## STORED DATA

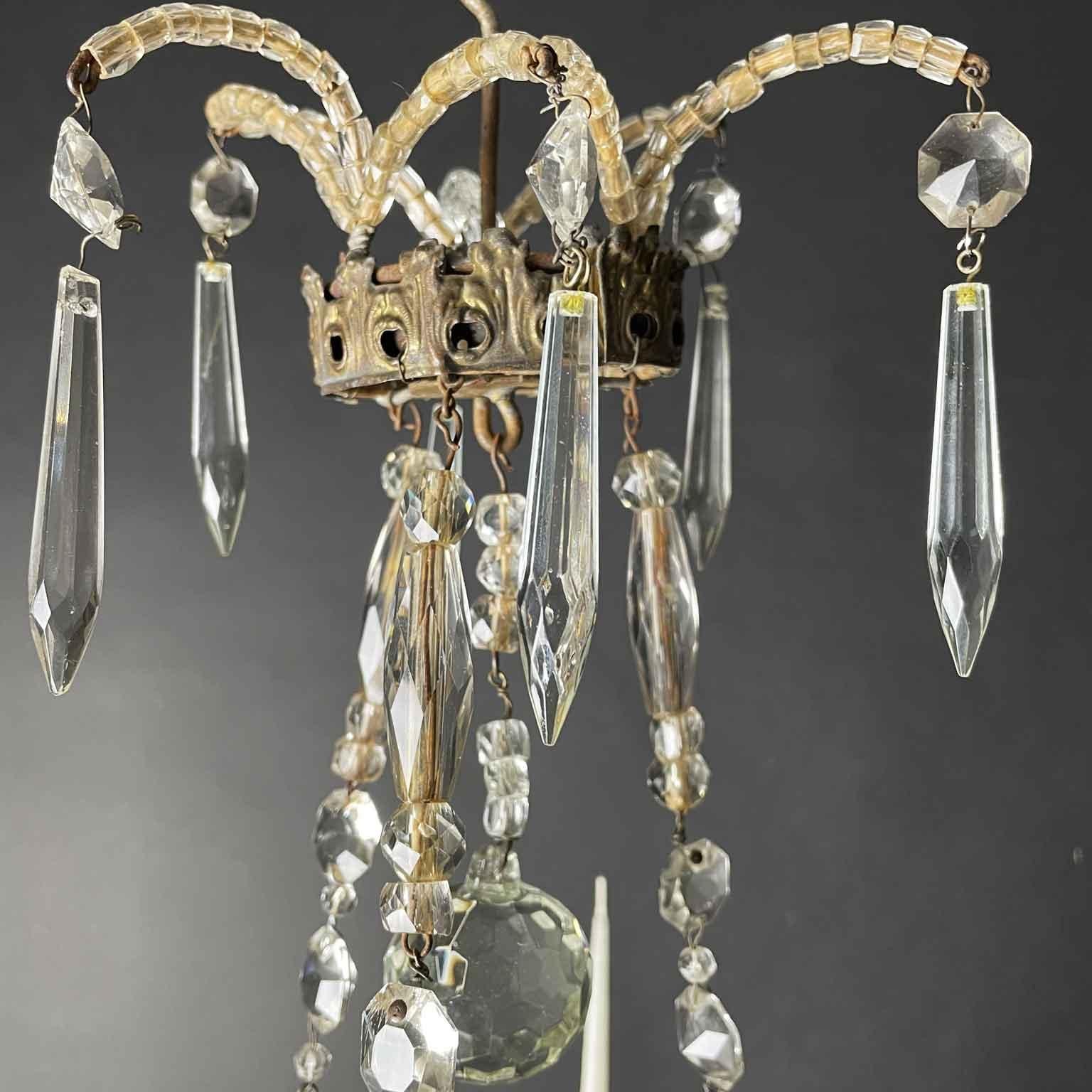 19th Century Italian Empire Beaded Crystal Candle Chandelier 5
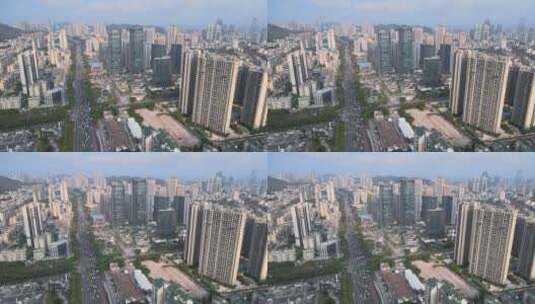 珠海富华北广场交通建筑航拍高清在线视频素材下载
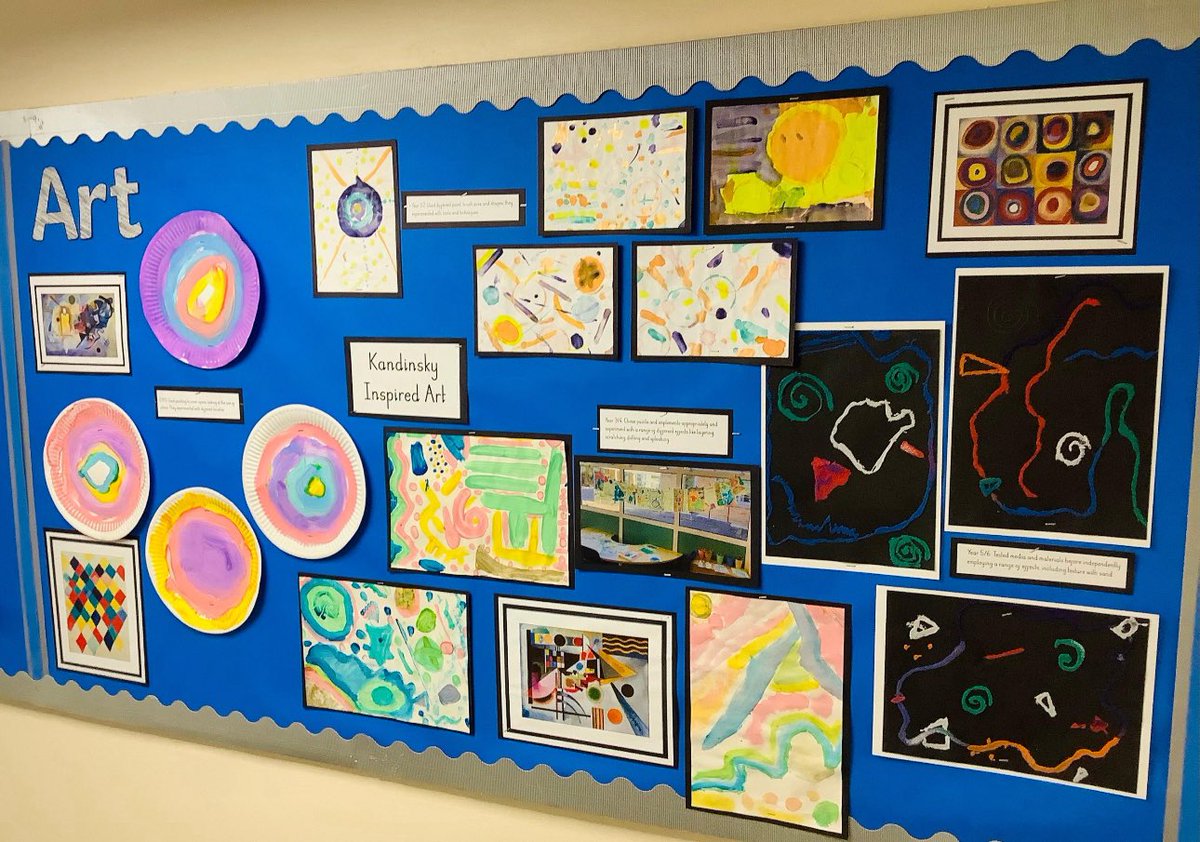 The whole school have worked hard on some fabulous art inspired by the work of Wassily Kandinsky. From Reception to Year 6, the children have explored different painting techniques. They have experimented with colour, texture and different implements. 😊🎨🖌️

## WORK TASK
Drop the pictures and set down the data above exactly.

## EXERCISE RESULT
 19th Century Italian Empire Beaded Crystal Candle Chandelier 5
 珠海富华北广场交通建筑航拍高清在线视频素材下载
 The whole school have worked hard on some fabulous art inspired by the work of Wassily Kandinsky. From Reception to Year 6, the children have explored different painting techniques. They have experimented with colour, texture and different implements. 😊🎨🖌️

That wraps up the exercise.